Clima é assunto religioso
Por ocasião do 10º aniversário da Encíclica Laudato Si, do saudoso Papa Ecológico Francisco, seu sucessor, Leão XIV, dirigiu-se à comunidade cristã, pedindo responsabilidade acrescida para cuidar do planeta.
Não é de se estranhar. Já em 1970, Paulo VI anteviu o apocalipse ambiental quando discursou na sede da FAO, órgão da ONU que trata da segurança alimentar e sediado em Roma. Proclamou que o planeta “corre o fisco de acabar numa verdadeira catástrofe ecológica”. Não faltavam sinais. “Já vemos que o ar que respiramos se torna viciado, a água que bebemos poluída, as praias contaminadas, os lagos e até os oceanos, ao ponto de nos fazer temer uma verdadeira morte biológica, num futuro não distante”.

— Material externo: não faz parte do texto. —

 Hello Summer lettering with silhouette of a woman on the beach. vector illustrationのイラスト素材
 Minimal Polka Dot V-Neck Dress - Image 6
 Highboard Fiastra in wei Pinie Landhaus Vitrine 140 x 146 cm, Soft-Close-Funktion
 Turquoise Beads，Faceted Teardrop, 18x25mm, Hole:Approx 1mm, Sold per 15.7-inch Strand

Era a pioneira preocupação ambiental no Vaticano, que persistiu com João Paulo II, para quem a crise ecológica era uma questão moral e Bento XVI chegou a ser chamado de “Papa Verde”. Só que Francisco foi inexcedível em tema de ecoteologia. Exortou, na “Laudato Si”, a Igreja Católica a “proteger o homem da destruição de si mesmo”.

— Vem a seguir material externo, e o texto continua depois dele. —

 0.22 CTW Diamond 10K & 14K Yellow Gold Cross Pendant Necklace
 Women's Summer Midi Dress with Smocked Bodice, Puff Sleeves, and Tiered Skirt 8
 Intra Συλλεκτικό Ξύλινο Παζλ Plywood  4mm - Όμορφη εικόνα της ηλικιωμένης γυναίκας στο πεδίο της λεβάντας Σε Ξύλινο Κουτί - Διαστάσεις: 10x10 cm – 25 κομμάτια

Leão XIV não poderia deixar de seguir idêntica diretiva. Com as lideranças mundiais enfatizou: cuidar da casa comum é obrigação individual e coletiva. Todos na sociedade, por meio de ONGs e grupos ativistas, devem atuar individual e coletivamente. E pressionar governos para que editem e cumpram políticas públicas que mitiguem danos causados ao meio ambiente.

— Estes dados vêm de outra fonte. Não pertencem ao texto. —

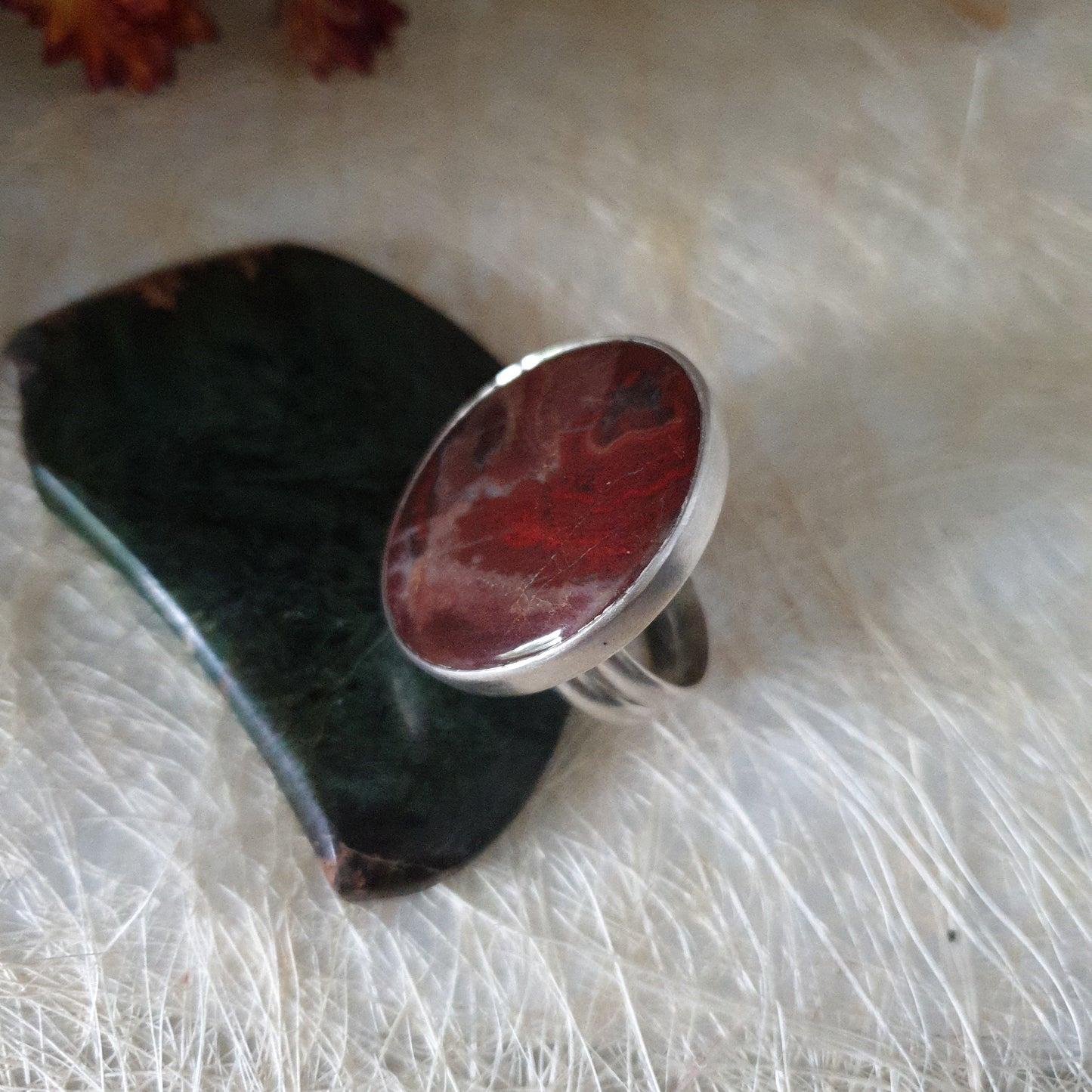 Rainbow Jasper Sterling Silver Ring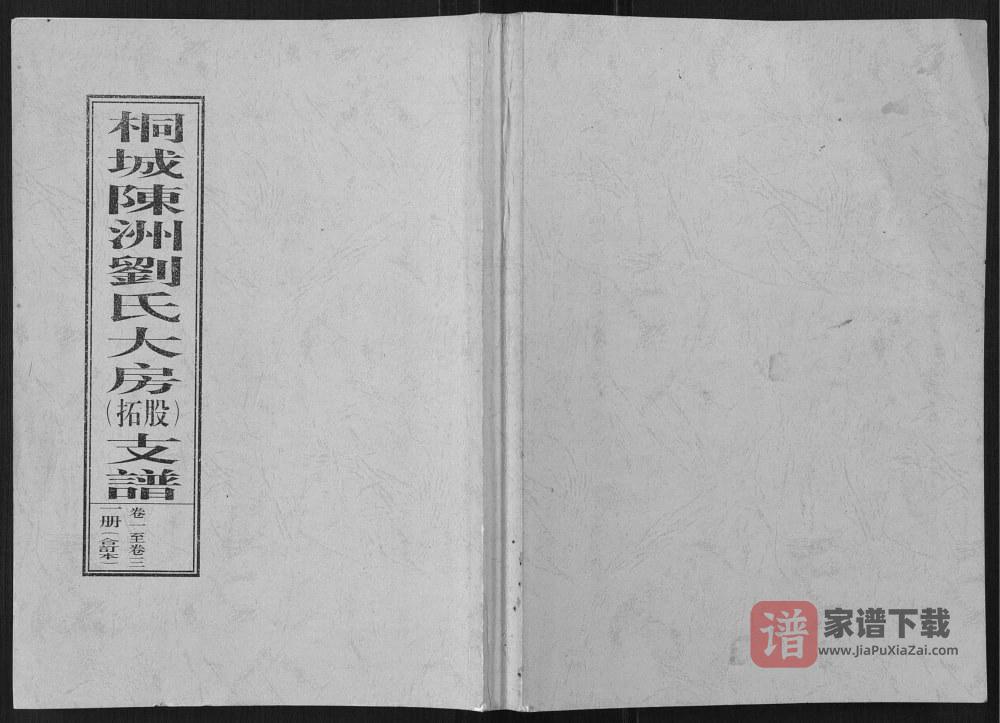 安徽桐城陈洲刘氏大房（拓股）支谱PDF高清电子版下载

A questão ecológica não é tema de direito ambiental. É uma questão humanitária. Depois da celebração dos dez anos da “Laudato Si”, o Papa recebeu outro grande grupo de jornalistas e formadores de opinião e iniciou lembrando a passagem bíblica de Caim e Abel, no livro do Gênesis. Deus então perguntou ao primeiro: “onde está o teu irmão”. E lembrou que todos se devem sentir responsáveis pelo próximo, seja ele um desvalido, seja uma vítima de guerra, seja um refugiado climático, seja um migrante que se vê forçado a abandonar sua terra natal para encontrar abrigo em espaços ainda não proibitivos de acolher seres vivos.
O Papa foi muito eloquente e até contundente: “Irmão, irmã, onde estás entre os migrantes desprezados, presos e rejeitados, entre aqueles que buscam salvação e esperança, mas encontram apenas muros e indiferença? Onde estás quando os pobres são acusados pela própria pobreza, esquecidos e descartados, num mundo que valoriza mais o lucro que as pessoas? Onde estás numa vida hiperconectada, em que a solidão corrói os laços sociais e nos torna estranhos até a nós mesmos?”.
A interlocução do Papa é com os cidadãos, que precisam assumir papel ativo na tomada de decisões políticas nos níveis nacional, regional e local. Só então será possível mitigar os danos ao ambiente.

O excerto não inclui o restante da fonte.